Data to use:
• • • •
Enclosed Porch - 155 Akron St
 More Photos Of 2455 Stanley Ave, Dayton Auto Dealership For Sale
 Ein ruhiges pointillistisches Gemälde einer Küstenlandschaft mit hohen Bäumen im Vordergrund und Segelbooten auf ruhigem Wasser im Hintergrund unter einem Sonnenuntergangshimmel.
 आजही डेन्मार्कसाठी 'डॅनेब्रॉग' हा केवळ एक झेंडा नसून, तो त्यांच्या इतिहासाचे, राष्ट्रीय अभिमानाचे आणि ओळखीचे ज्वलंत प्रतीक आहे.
• • • •
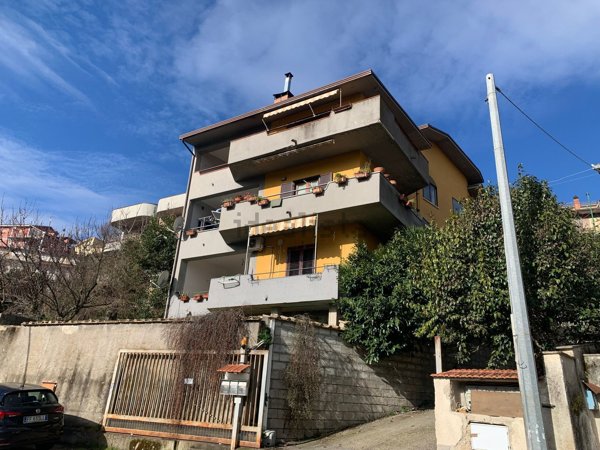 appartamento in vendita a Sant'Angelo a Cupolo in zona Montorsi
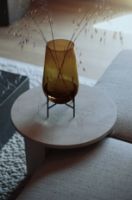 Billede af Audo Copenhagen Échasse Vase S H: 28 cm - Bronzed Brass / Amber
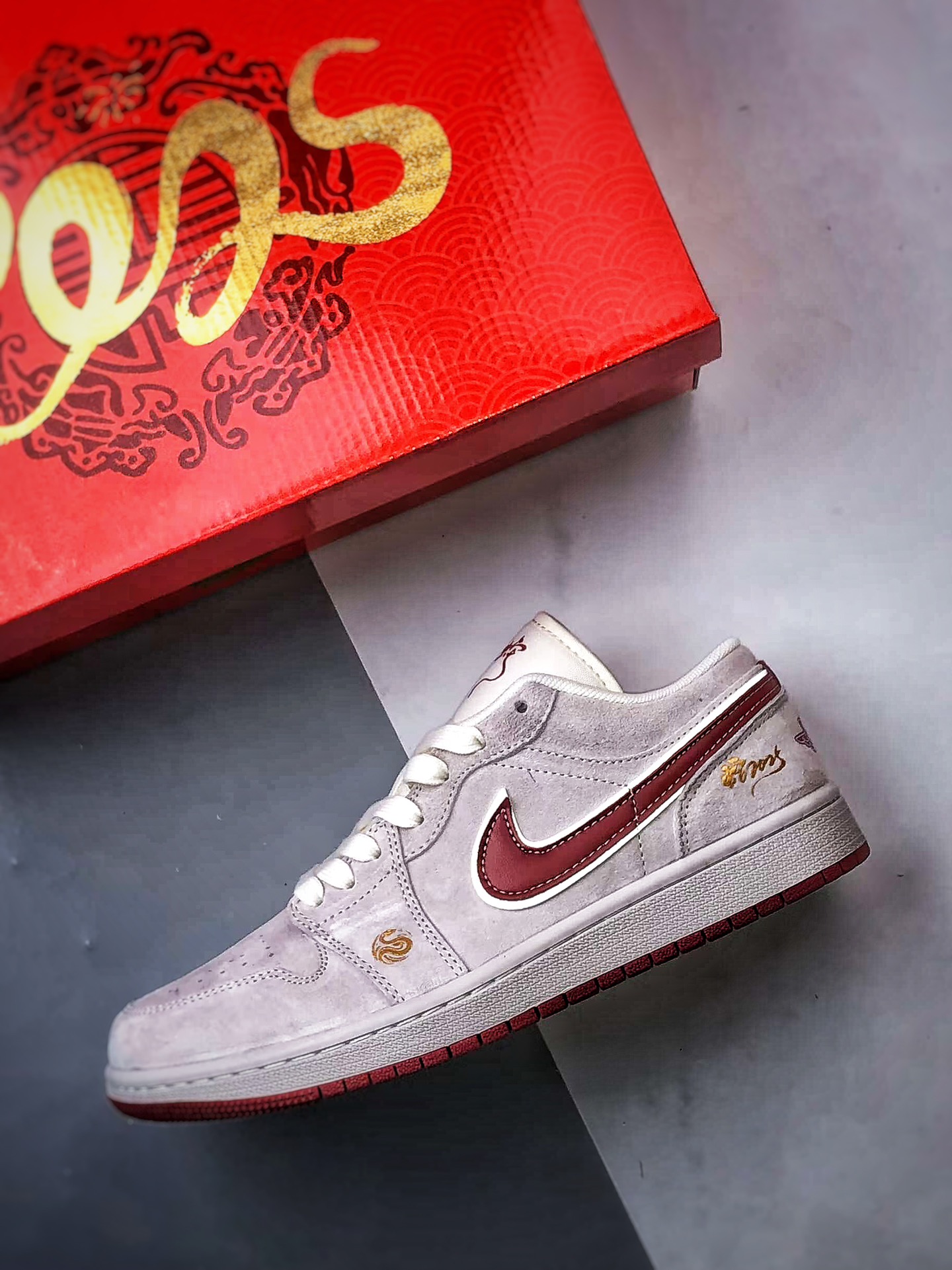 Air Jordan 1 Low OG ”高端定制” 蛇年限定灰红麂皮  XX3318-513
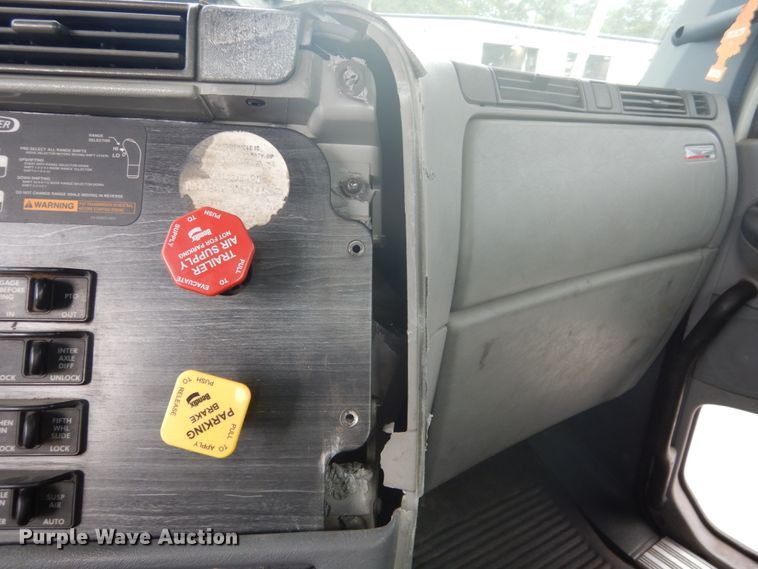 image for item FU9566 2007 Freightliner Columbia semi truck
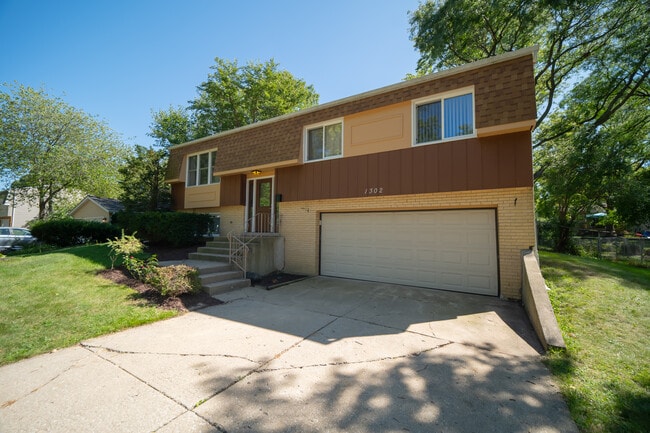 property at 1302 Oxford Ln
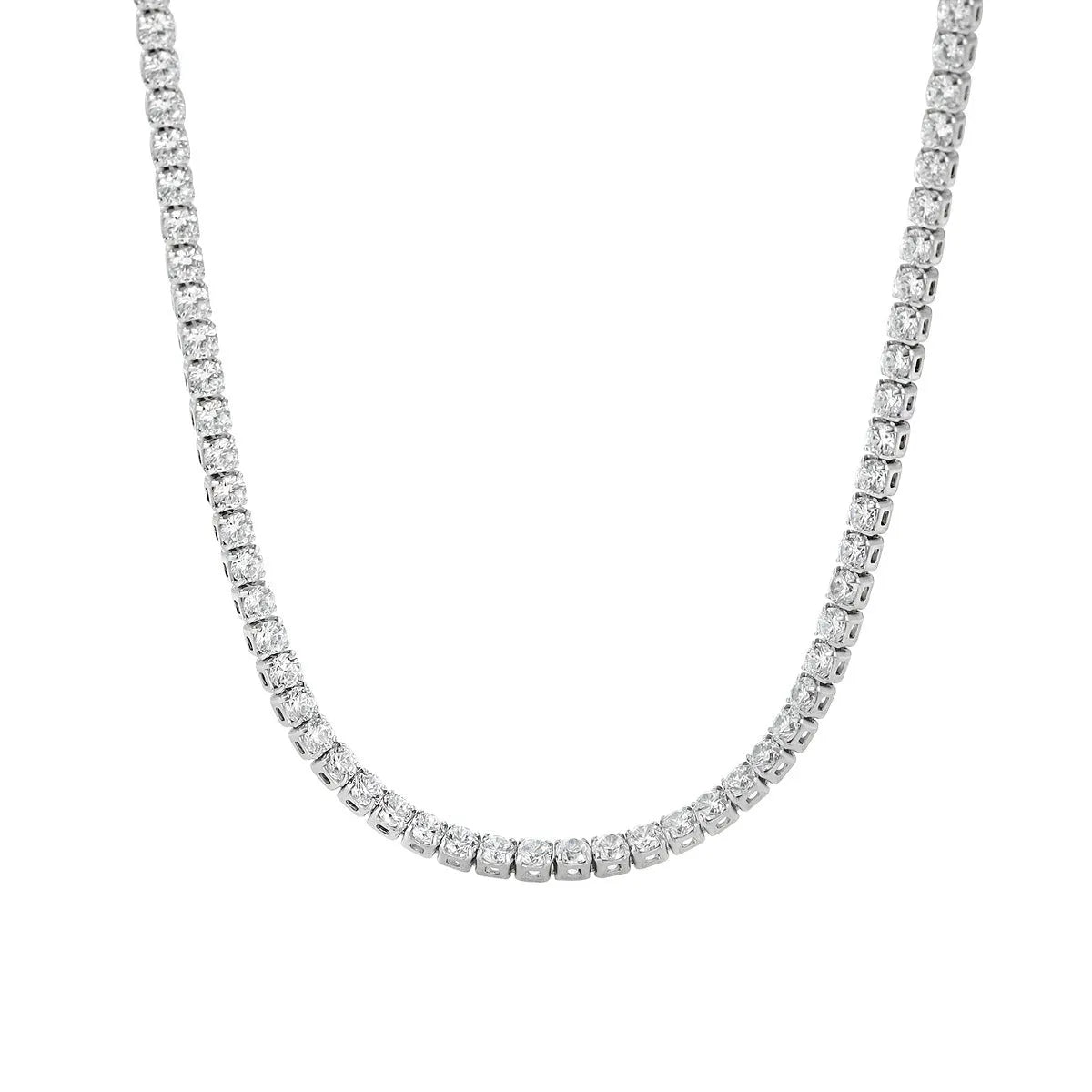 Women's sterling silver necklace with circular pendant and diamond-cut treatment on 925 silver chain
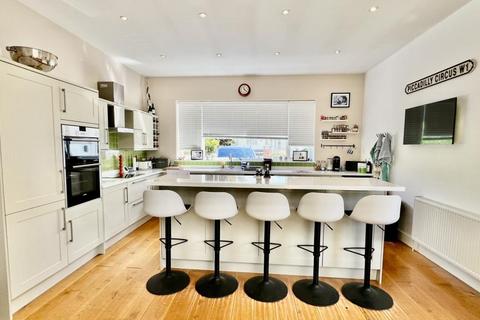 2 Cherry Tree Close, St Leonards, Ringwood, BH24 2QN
• • • •
Could you restate, word for word, the lines above from the one with "Enclosed Porch - 155 Akron St" to the one with "आजही डेन्मार्कसाठी 'डॅनेब्रॉग'", both included?

Enclosed Porch - 155 Akron St
 More Photos Of 2455 Stanley Ave, Dayton Auto Dealership For Sale
 Ein ruhiges pointillistisches Gemälde einer Küstenlandschaft mit hohen Bäumen im Vordergrund und Segelbooten auf ruhigem Wasser im Hintergrund unter einem Sonnenuntergangshimmel.
 आजही डेन्मार्कसाठी 'डॅनेब्रॉग' हा केवळ एक झेंडा नसून, तो त्यांच्या इतिहासाचे, राष्ट्रीय अभिमानाचे आणि ओळखीचे ज्वलंत प्रतीक आहे.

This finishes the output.